■ **DATA SHOWN**
»»

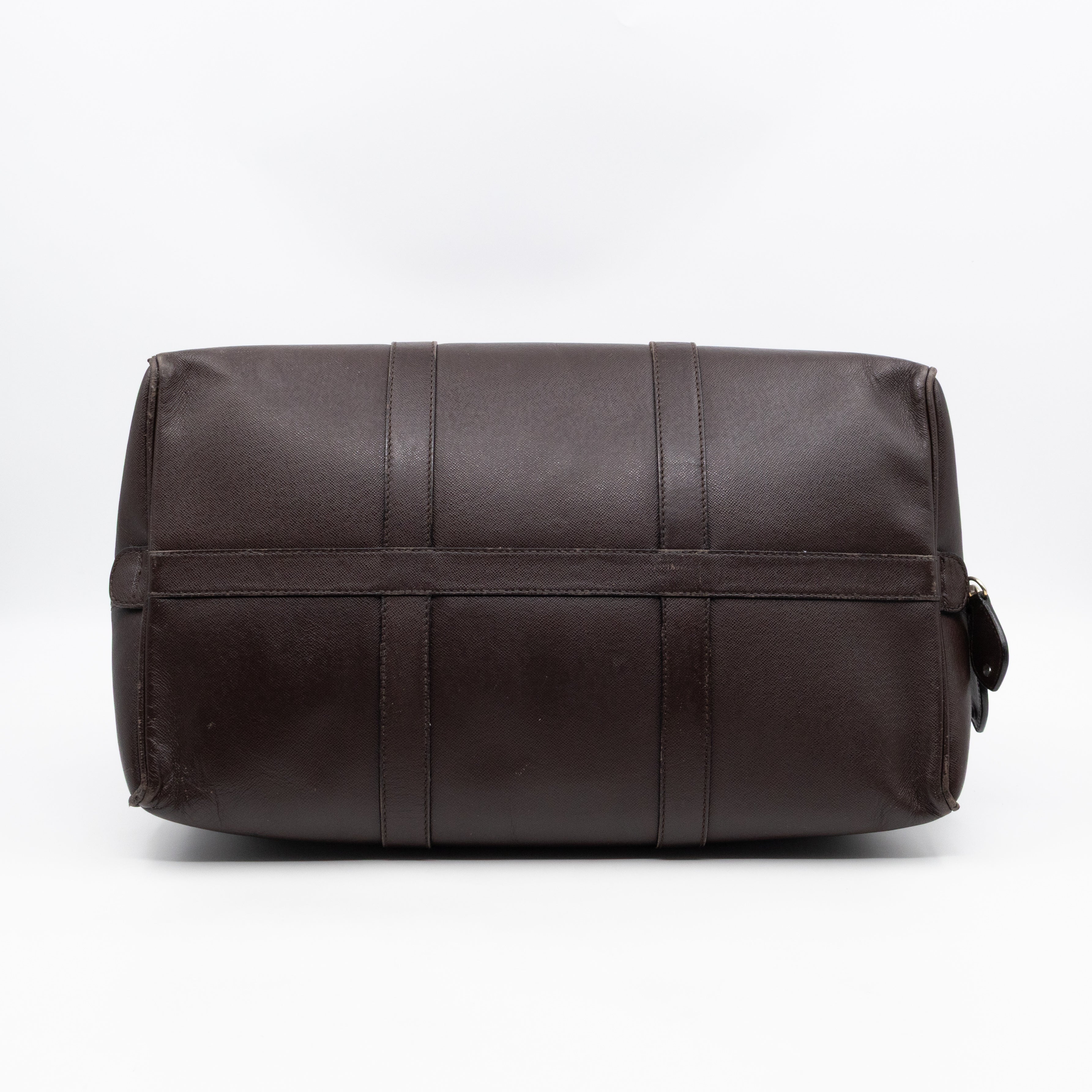 Traveller Bag Marron Fonce Leather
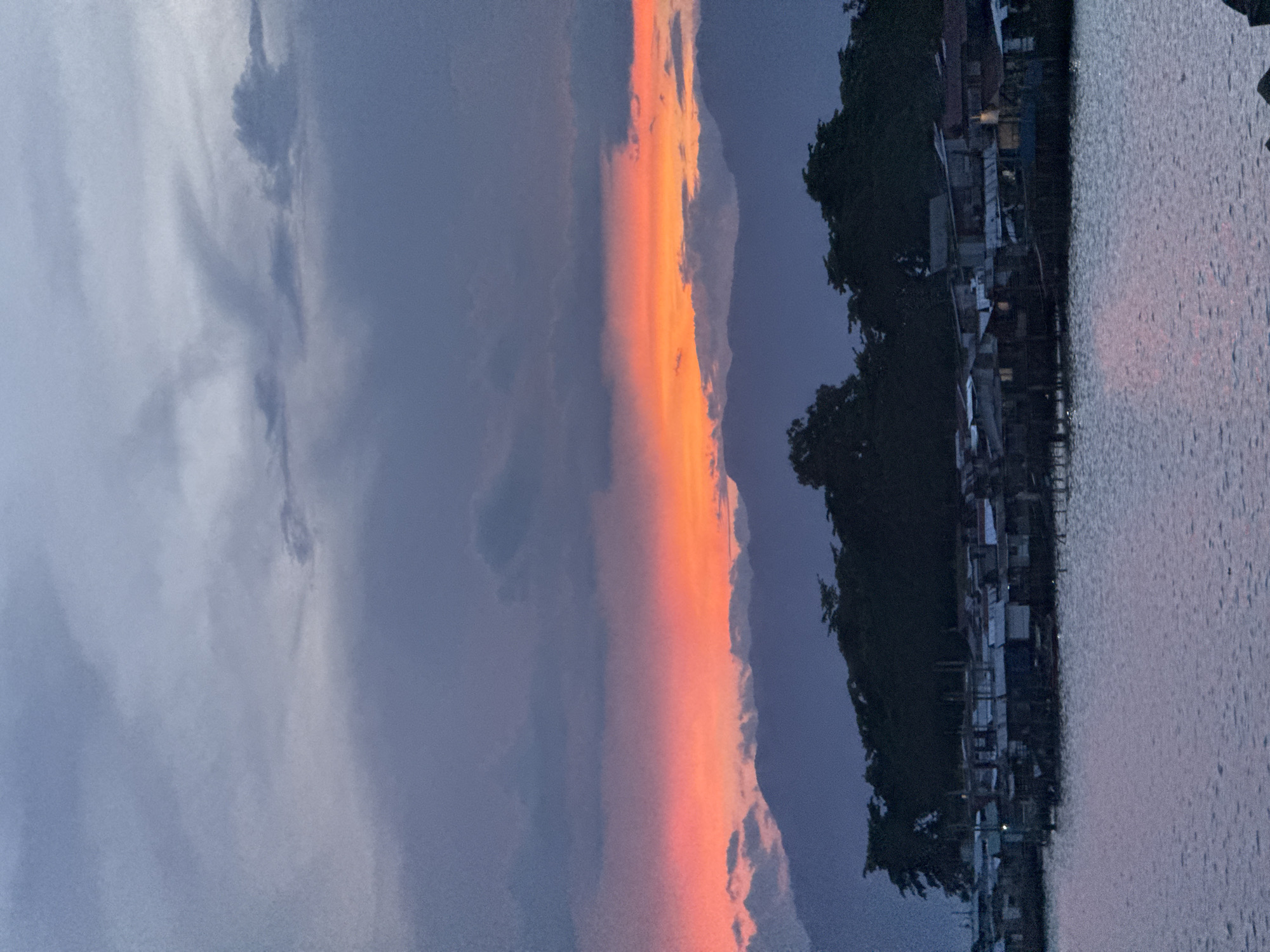Davao City waterfront sunset captured by multiple witnesses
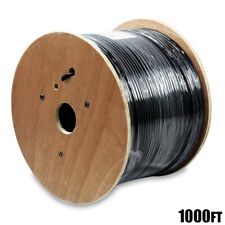 1000FT Cat5e Outdoor Network Ethernet UTP CMX Direct Burial Cable Copper Black picture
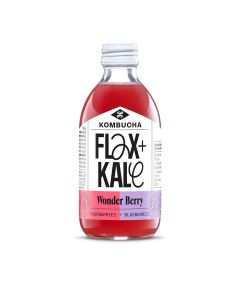 Flax and Kale - Wonder Berry Kombucha - 12 x 250ml (Min 60 DSL)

««

■ **YOUR ASSIGNMENT**
Set down the data exactly as it appears, without any images.

■ **ANSWER**
 Traveller Bag Marron Fonce Leather
Davao City waterfront sunset captured by multiple witnesses
 1000FT Cat5e Outdoor Network Ethernet UTP CMX Direct Burial Cable Copper Black picture
 Flax and Kale - Wonder Berry Kombucha - 12 x 250ml (Min 60 DSL)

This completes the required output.